Why is work today so unfulfilling and how can we change that? Let’s set our sights on having an impact and figure out a way to get there.
Today, most high-achieving professionals want impact. They want to leverage their skills, talents, assets, gifts, and experiences to make a difference and leave a legacy at the office and beyond.
This is not only possible – especially in the AEC industry. It can be a profitable strategy for leaders and organizations in terms of growth and employee engagement, recruitment, and retention. To achieve impact, however, leaders and organizations must decide whether they are more about their projects or their people.
An important consideration is to understand how work and workplace motivations are, and can be, designed to align with our human needs.
New rules. Business – especially today – is about people.
Whether our organization is large or small, its success rests on people serving people. So, it only makes sense that our needs to thrive at work would align with our needs to do so as a human.
Based on my work, research, and direct experience, I’ve developed the following hierarchy for work-related motivation as illustrated in the image below.
A summary of these needs and how they track with our human needs (See Part 1 of this series for more on this) is presented below:
- Basic competence and readiness need. Our general ability to work and maintain employment. To do so, we must be sufficiently advanced in satisfying our overall human needs.

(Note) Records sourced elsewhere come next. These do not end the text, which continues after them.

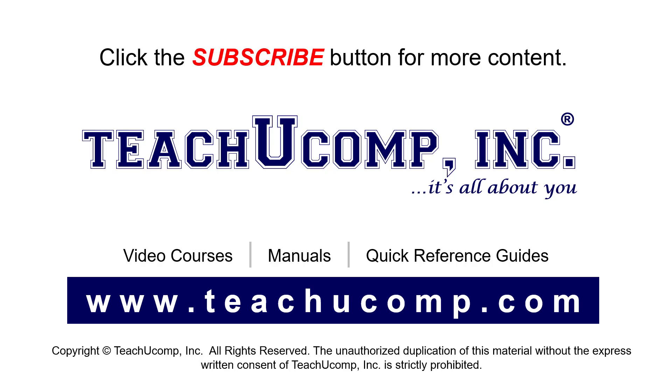If you like our video, click the button to subscribe to our channel and get easy access to new content. To see our full suite of ad-free video courses, instruction manuals, and quick reference guides, visit us at www.teachucomp.com.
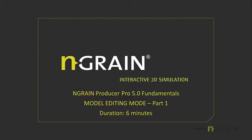Welcome to this video demonstration of N-Grain Producer Pro. In this video, I am going to demonstrate Model Editing Mode inside Producer.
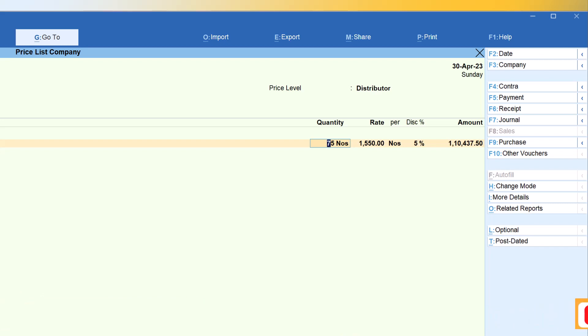If you understand the concept of price lists, you can leverage them to offer special discounts or seasonal schemes like festival offers — apply the price list for a specified period and later delete the price level as shown in our second video. The flexibility of creating any price level, specifying any price list for those levels, and revising prices upwards or downwards makes this a powerful feature. Thank you all for staying till the end — see you in the next session where we start with another Tally feature.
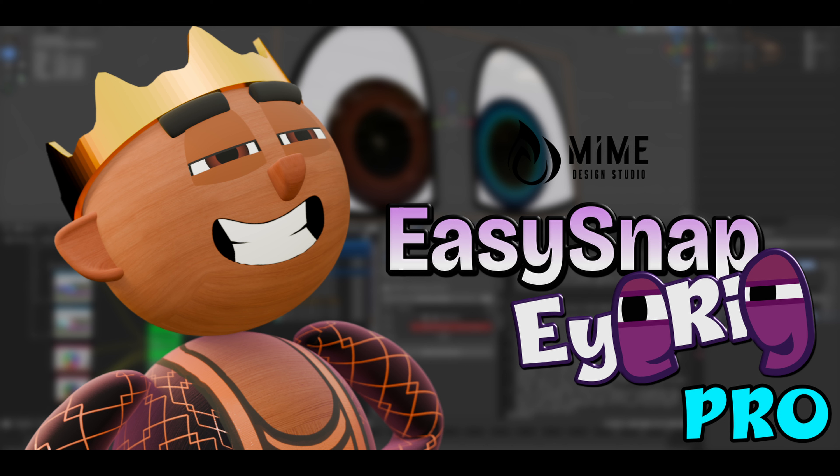Hello everyone and welcome back to this EasySnap iRig Overview. In this video, we'll be going over the EasySnap iRig Pro. As always, all versions can be purchased on Blender Market and Gumroad. Links are in the description. So let's get started.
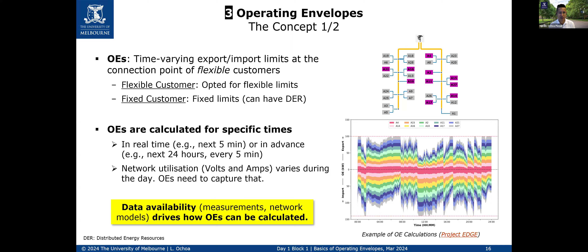Why calculate in advance? Because if aggregators are playing the market, they benefit from understanding what the limits will be in the next few hours so they can plan the use of their assets accordingly. The calculation captures the utilization of assets in terms of voltages and ampacity throughout the day. Data availability drives how this can be calculated — the more data and electrical models you have, the better. On the right-hand side, a graph shows how operating envelopes look for exports and imports, with customers having similar values at a given time step — what we call equal allocation.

It is especially true today that we bring our “whole-self” to work. Employees at all levels need to recognize that this foundational component can be compromised at any time due to life circumstances that affect us, even if just temporarily.
- Performance need. The desire to work and produce positive results (i.e., be fruitful) is built into us. Doing so is also our largest source of “safety” on the job.

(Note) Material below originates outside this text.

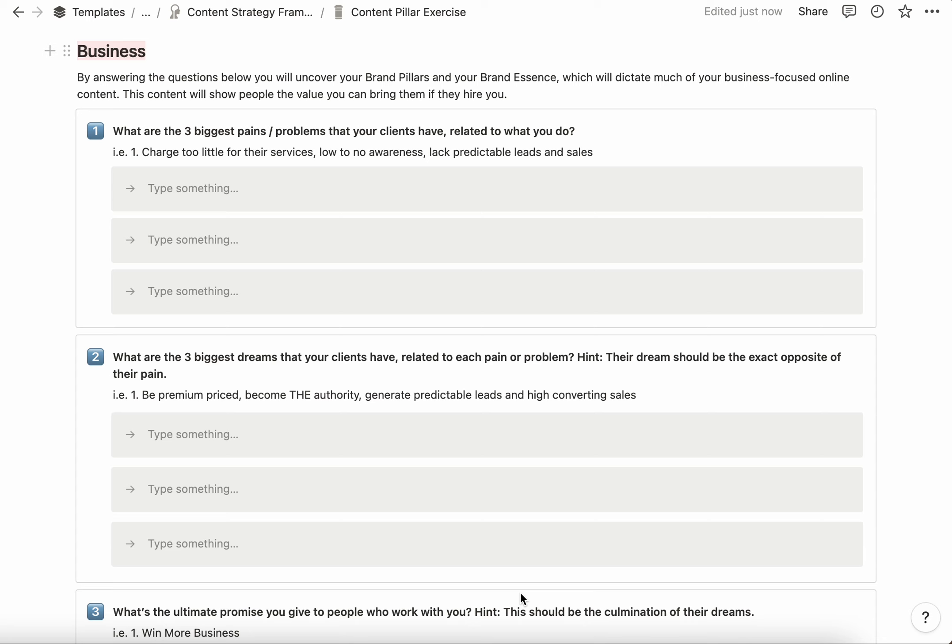The content pillar exercise is really important because it's going to ask you some questions so that you can come to a clear understanding of what value you bring potential customers in terms of the business that you provide, as well as what values and beliefs you hold as a business owner. Both are really important when it comes to your content because one shows people what they'll get when they work with you, and the other shows people who you are and why they should work with you.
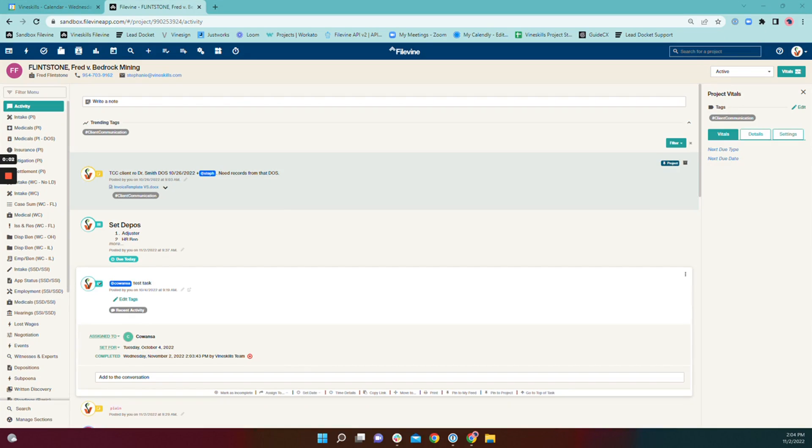FileBind allows you to reassign a task to another user. This tool is great in instances where person one starts a task and passes it off to person two to complete the task.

The aspects of work we are drawn to the most, however, are often connected to our work and life seasons. Early in our careers we strive to “master our craft” and “make our name.” Later, we strive to “make a difference” and “leave a legacy.”
- Engagement need. To feel good about, connected to, and grow in our work, we need to be acknowledged and cared for on the job. We also need to know that our contributions matter and that they are recognized. This forms our sense of belonging and “love” in our work environment.
Our direct supervisor has the largest influence on engagement, especially early in our careers.
- Connection need. Early in our careers, we work mostly with our clients, teams, and supervisors. To further progress, however, we need positive and effective peer-to-peer relationships.
These relationships help us measure progress and build self-esteem. They can also be a critical source of new ideas, encouragement, support, and accountability as we expand our influence and brand both inside and outside of our organization. Unfortunately, these peer-to-peer relationships for most are comparatively weak.
- Continuous growth need. What comes next after we have mastered our craft and made our name? Another 10, 20, or 25 years of the same? That will not inspire most professionals, and will not drive organizational growth.
As we progress into the mid-career and beyond, we need higher-levels of personal and professional development. For most technical and professional services industries, the most significant areas of need today are related to “people skills,” “mission,” and technology advancement.
- Awareness and high EQ need. The conditions and the environment where others want to be and thrive. In order to successfully lead and influence others, we need to truly know and effectively lead ourselves.
Change is constant and momentum can be a trap. To be able to advance and improve, we need to understand our past, how it has influenced our present, and how both can work together to realize a greater future. We need to know our who, not just our why, what, and how. We also need to discover
our gifts and learn how best to leverage those along with our skills and talents. Our quickest and most direct path, and ability to shorten “learning curves” and eliminate “blind spots” will be with the help of wise counsel, coaches, and mentors.
We then need to apply this to others and demonstrate a high-level of emotional intelligence (our “EQ”) and management effectiveness so that others want to be led by us.
- Impact need. The use of our skills, talents, assets, gifts, and experiences to positively change the lives and conditions of others. We want to make a difference and to leave a legacy.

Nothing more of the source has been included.